Following release of the video Tuesday, Musallam said he did "not know anything".
      
"People are calling us; they told us ISIL sent a video in which Mohammed says he works for the Israeli Shin Bet. That's not true; my son doesn't work for the Shin Bet. IS did this to scare the world.
      
"He's dead, he's a martyr. Mohammed is just a child, like a baby, only 19 years old."                       

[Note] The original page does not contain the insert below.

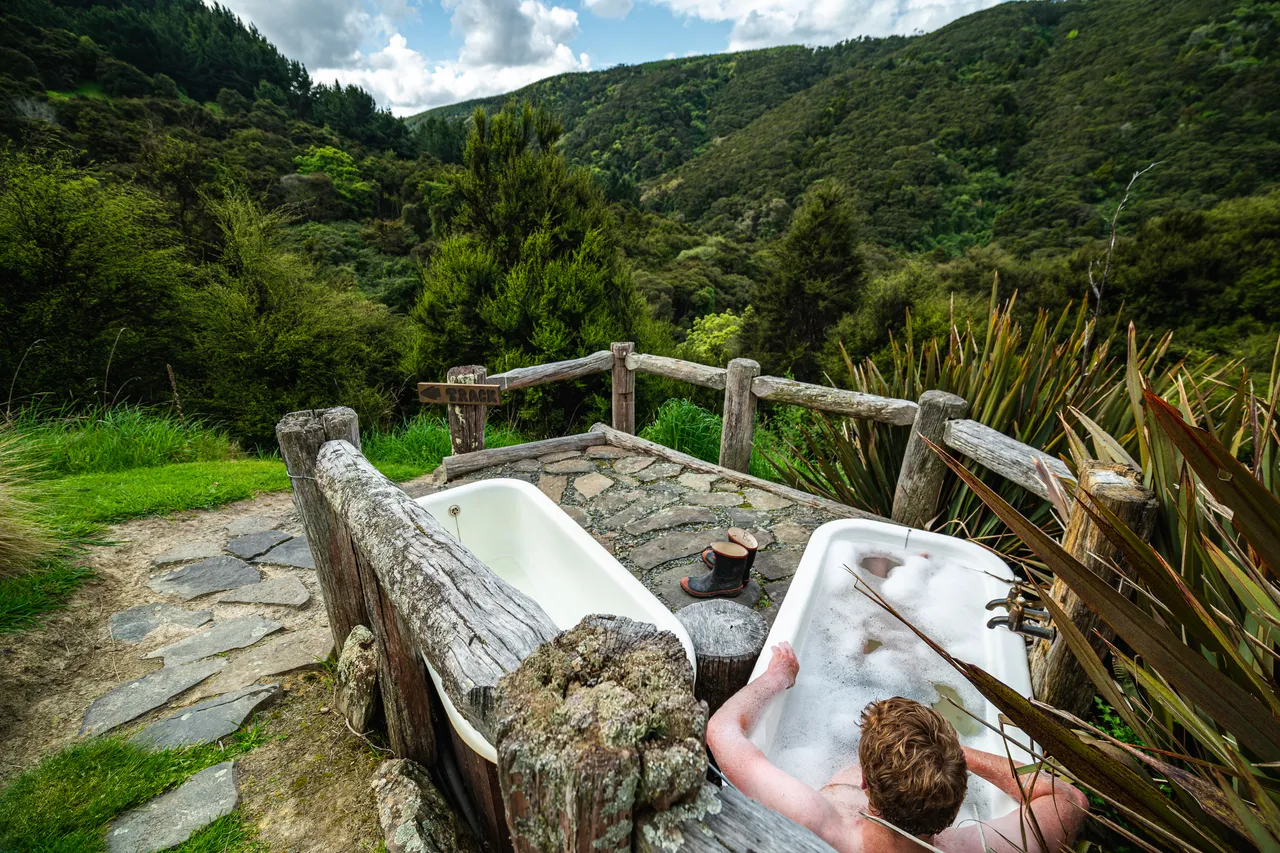 Person in bathtub outside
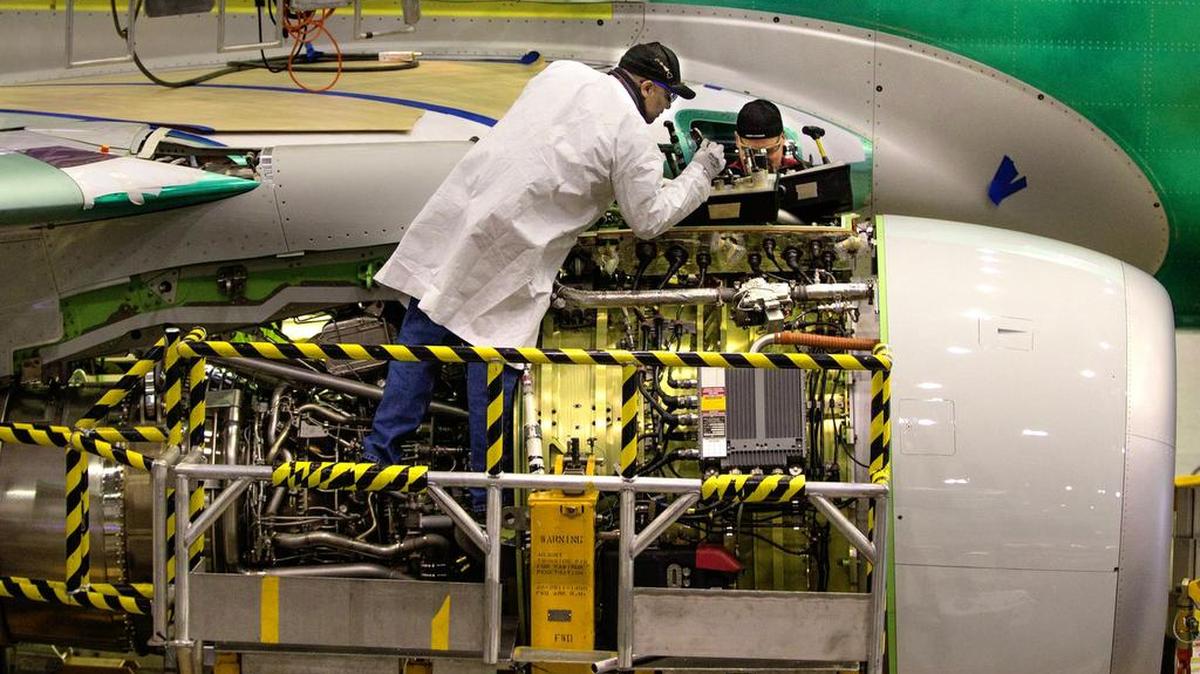The engine of a Boeing 737 is attached to the fuselage in one of two assembly lines at Boeing’s 737 assembly plant in Renton, Wash., on March 3, 2015.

"He is absolutely not religious," Musallam said earlier, adding that perhaps his son had been recruited through the Internet.
      
Dabiq, the ISIL online English-language magazine, said Mohammed had been tasked by Israel with gathering information on ISIL bases and weapons and on Palestinians volunteering to fight for the group in Syria.
      
A spokesman for Israel's Shin Bet security service told AFP Mohammed had left home on October 24 "on his own initiative", implying that he had not been sent by Israel.
      
Official Israeli policy is not to comment on such allegations.
      
The Shin Bet spokesman said Mohammed travelled from Israel to Turkey and "from there crossed to Syria and joined IS to fight for the organisation".
      
Said Musallam said his son, an Israeli citizen, abandoned his national service in the fire department to join ISIL.
      
He said the last time they spoke by phone Mohammed was in Raqa, the self-proclaimed capital of the jihadist "caliphate" in northern Syria.
      
He said his son wanted to return home after having completing basic training.
      
He said he was very worried about his son's fate at the hands of ISIL, which has brutally executed many prisoners in recent months.
      
Asked if he could raise a ransom in exchange for his son, the father said he was a mere bus driver with no property or assets to his name.
      
The family lives in the Jewish settlement neighbourhood of Neve Yaakov in Israeli-annexed east Jerusalem.
      
Said Musallam was born in the occupied West Bank but said his four children have Israeli passports.
      
According to Dabiq, Mohammed was recruited in Neve Yaakov by a Jewish neighbour working for the security services and was given away by his behaviour and his refusal to obey a commander.
      
The execution video released Tuesday was one of several produced by ISIL, starting with the beheading last August of American journalist James Foley and more recently including the burning to death of a captured Jordanian pilot and the beheading of 21 Coptic Christians.
      
Dalia Ghanem-Yazbeck, an analyst at the Carnegie Middle East Center in Beirut, said the videos tend to coincide with jihadist military setbacks.
      
"With each military reverse... ISIL comes out with a shock video so that people will talk about them. This is a way to compensate for the military defeat with propaganda," she said.
      
Since early this month, Iraq forces have besieged Tikrit, a city captured by ISIL in a lightning sweep across the country's north last summer.
      
The video campaign is also seen by analysts as a recruitment vehicle for ISıL, which is thought to have between 25,000 and 80,000 fighters, including thousands of foreigners.